1.)  during normal work: MS office, Internet, the battery  lasts well .. close to 3 hrs.. 

2.) with gaming, wen i played fifa 2010, i was able to complete 3 back to back (8 min duration) matches with more than medium brightness

also, while playing crysis, the battery lasted 1hr and 15mins 
-------------


Cheers nb e-peace....


----------



## desiibond (Jun 20, 2010)

@anish, a general rule is to go for extended warranty. laptops giving trouble after a year of use is kid of common these days. But do remember that Sony is second to Asus and Apple in reliability (when checked after a year of use) and Dell trails just behind Sony.

Earlier, sony laptops were ignored due to high price but with the release of E series, the scenario has changed. Go get a Vaio E series but do get extended warranty pack. It doesnt' cost much but it can be save your bank account in case something happens


----------



## Stuge (Jun 20, 2010)

if you do buy Sony make sure you get 2 years extended warranty for Rs 5000.
 I'm using vaio till now I had these issues .

1st with the fan : Recently ,I was troubled with fan noise ,but I got it replaced  ( Sony has recognized the problem and has given extended warranty for the same )

2nd with dvd writer : writer stopped working after 4 months (its because of my stupidity, I installed the firmware from sonynec-optiarc website ).Always make sure to install firmware from manufactures website only .my writer was replaced at the same time ,when fan was replaced  (took 1 week to replace it ).I never told them that it stopped working because of my foolishness ,so it was replaced under warranty ]


----------



## Anish9218 (Jun 21, 2010)

*thnx gu**ys, but be**yond 2 **yrs son**y cant xtend the warrant**y if I pa**y them more?
I think Ill go for Son**y, but what abt HP??* Ever*yone here sa**y HP's the most reliable than an**ything else n its prett**y costl**y too For eg:

For 52k Ill get

HP Pavilion DV6-1308TX Laptop Technical Specification:
    * Windows 7 Home Premium
    * 15.6 (1366×768 pixels) High definition BrightView Widescreen Display
    * Intel Core 2 Duo T6600 Processor (2.2GHz, 2MB cache)
    * ATI Mobility Radeion HD 4650 Graphics
    * 4GB RAM
    * 320GB Hard Disk
HP Pavilion DV6-1308TX Laptop Price in India - Rs. 48,800/- Indian Rupee (INR)

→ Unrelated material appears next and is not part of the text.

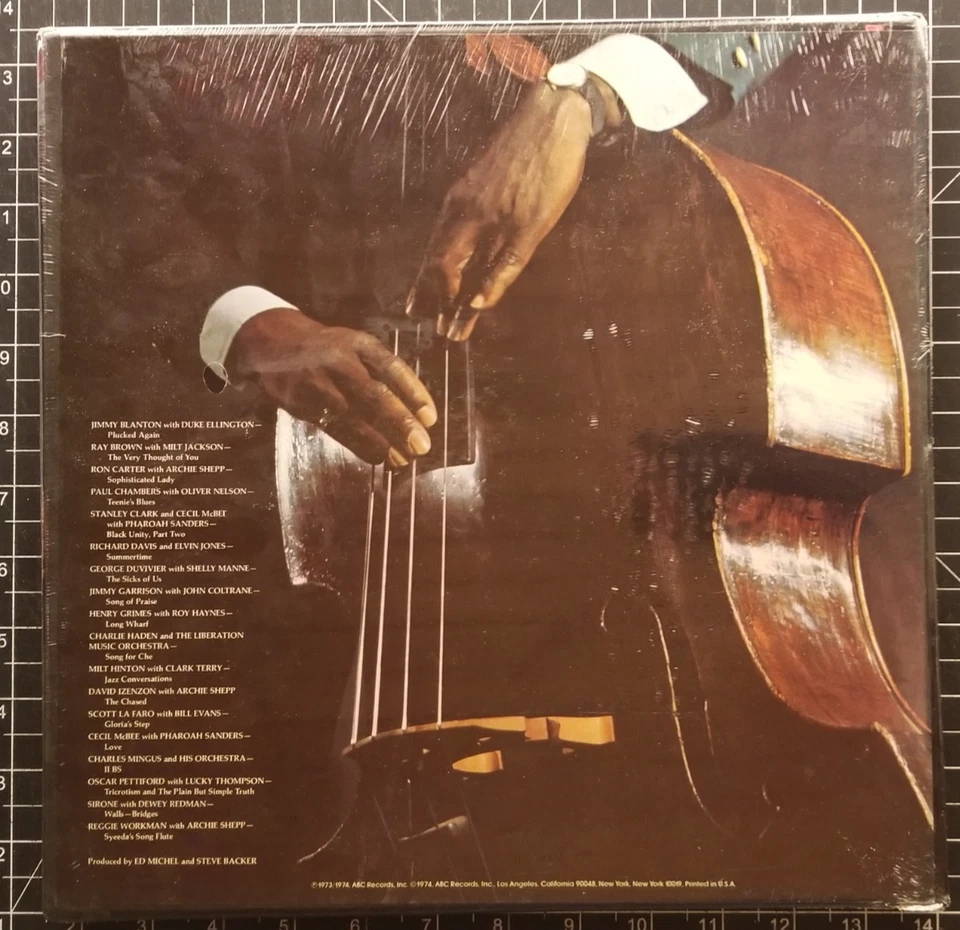 *Sealed* THE BASS Jazz 3LP BOX SET 1974 UNOPENED Impulse! MINGUS Bill Evans NEW - Image 2 of 3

HP Pavilion dv6-2163TX Laptop Specs:
    * Windows 7
    * 15.6 inch WXGA High-Definition HP BrightView Widescreen
    * Intel Core i5-550M Processor (2.4GHz, upto 2.93GHz in Turbo Mode, 3MB Cache)
    * Nvidia Geforce GT 230M Graphics Card (1GB)
    * 4GB RAM
    * 500 GB Sata Hard Disk Drive
HP Pavilion dv6-2163TX Price in India: Rs. 52,000/- Indian Rupee (INR)

But looking at Son*y's laptops ( the new E series ones, I want to go for Sony only) 
but my friends say Sony's nt tht reliable after warranty...they say go for HP only and till now I never ever heard any probs from HP laptops.....thats y i wanted to ask u ppl abt Sony.....

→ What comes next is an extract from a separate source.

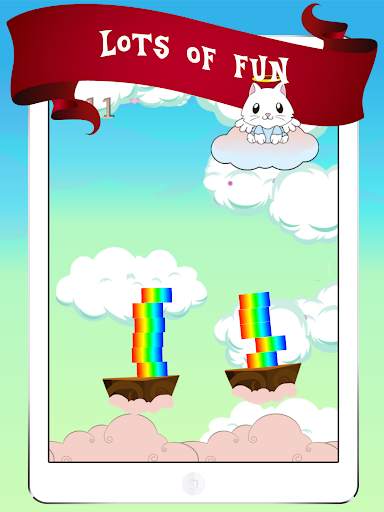 Kitty Rainbow Stack Survival Game screenshot 10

---------- Post added at 06:40 PM ---------- Previous post was at 06:37 PM ----------

uptill now every1 said Sony is overpriced and parts r nt easily available n costly after warranty.....Overpricing issue is over with the E-Series.......theyre awesome but the warranty issue is kinda disturbing....HP laptop parts r easily available everywhere n easily repairable but nt Sony.... (Im nt a fan of HP or smthng but after finding abt it from 5-6 PC shops here Im saying this....)


----------



## ashu888ashu888 (Jun 23, 2010)

^^

believe me Sony E Series are the better ones as compared to previous sony vaio laptops.. 

to all: guys, my SONY VAIO E Series (VP CEB 16FG) is jus 3,5 months old, i hv the 1 yr warranty clause intact but from where can i extend my warranty for say 2 yrs..??? shud i go to croma store??  plz tell me exact details 


cheers n  e-peace....


----------



## gagan007 (Jun 23, 2010)

AFAIK Chroma gives extended warranty only upto 15 days of purchase (that's what they told me when I purchased a HP printer from them recently)


----------



## Anish9218 (Jun 24, 2010)

dont mind me asking but i want to b sure ashu888ashu888
Dont u think its too early to make assumptions?
I mean akkies_2000's problems started from 6 months onwards....


----------



## ashu888ashu888 (Jun 24, 2010)

gagan007 said:


> AFAIK Chroma gives extended warranty only upto 15 days of purchase (that's what they told me when I purchased a HP printer from them recently)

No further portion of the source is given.